Matt Moralee

Personal information
- Full name: Matthew Whitfield Moralee
- Date of birth: 1878
- Place of birth: Newcastle upon Tyne, England
- Date of death: 1962 (aged 84)
- Place of death: Doncaster, England
- Position(s): Half back

Senior career*
- Years: Team / Apps / (Gls)
- 1901−1904: The Wednesday / 4 / (1)
- 1904−1906: Doncaster Rovers /  / (3)
- 1906−?: Mexborough Town

= Matt Moralee =

English footballer

Matthew Whitfield Moralee (1878–1962) was an English footballer who played as a half back for The Wednesday, Doncaster Rovers and Mexborough Town from 1902.

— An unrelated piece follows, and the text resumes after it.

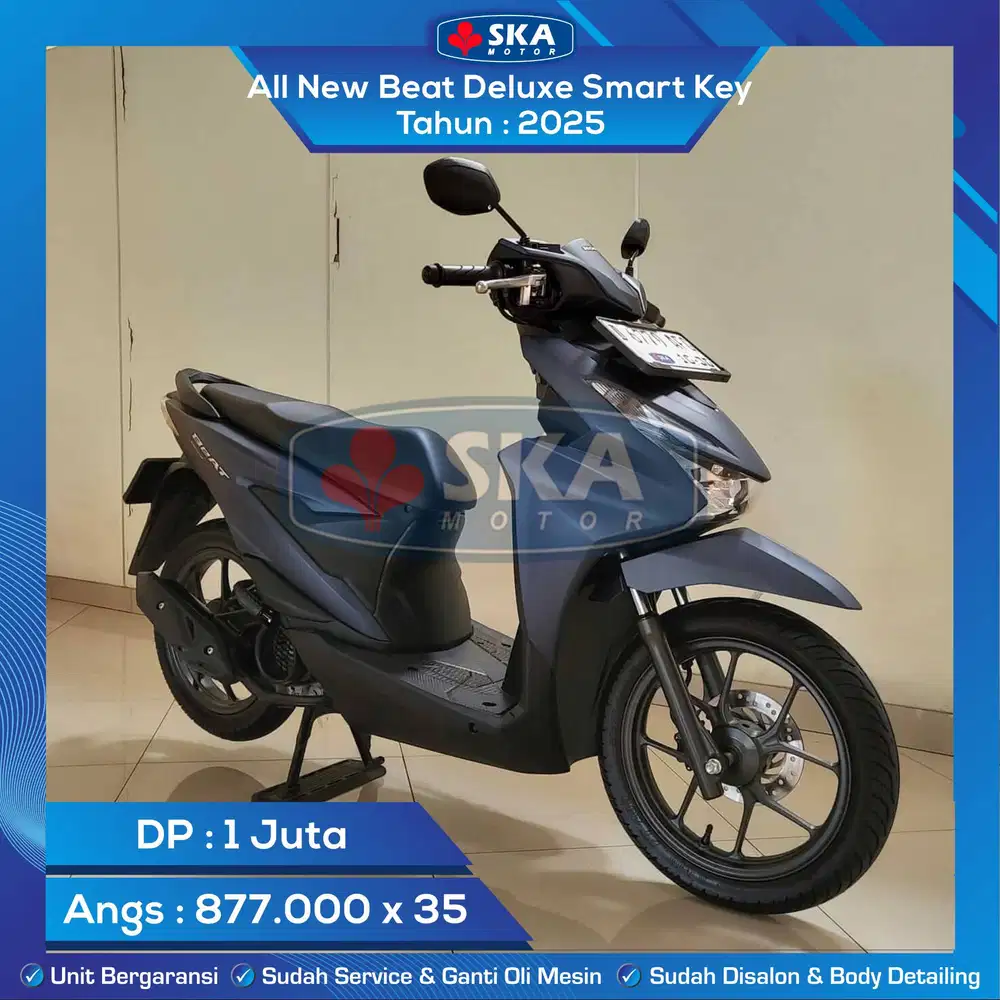 Honda All New Beat Deluxe Smart Key Tahun 2025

Born in Newcastle upon Tyne, by 1901 he was living in Sheffield where he played for Division 1 side The Wednesday, who would later change their name to Sheffield Wednesday. Moralee was seen as being part of the "rare talent" of the reserve team though in a team that were Division 1 Champions in 1902−03 and 1903−04, he went on to only make a handful of first team appearances.

For the 1904−05 season, he moved to play for Doncaster Rovers who had just been voted into Division 2 and who went on to have the joint worst season in English Football League history, ending up bottom with just 8 points from 34 games and failing to be re-elected. Moralee scored in 1 of his 32 League games for Doncaster in that season, and once in 2 FA Cup games. The following season he scored 3 times, all from the penalty spot. In 1906 he moved to play for Mexborough who were also in the Midland League.

He and his wife Isabella had seven children, one of whom was also called Matt Moralee who played for Gainsborough Trinity, Grimsby Town, Aston Villa and Leicester City between the wars. Matt Moralee (senior) died in Doncaster in 1962.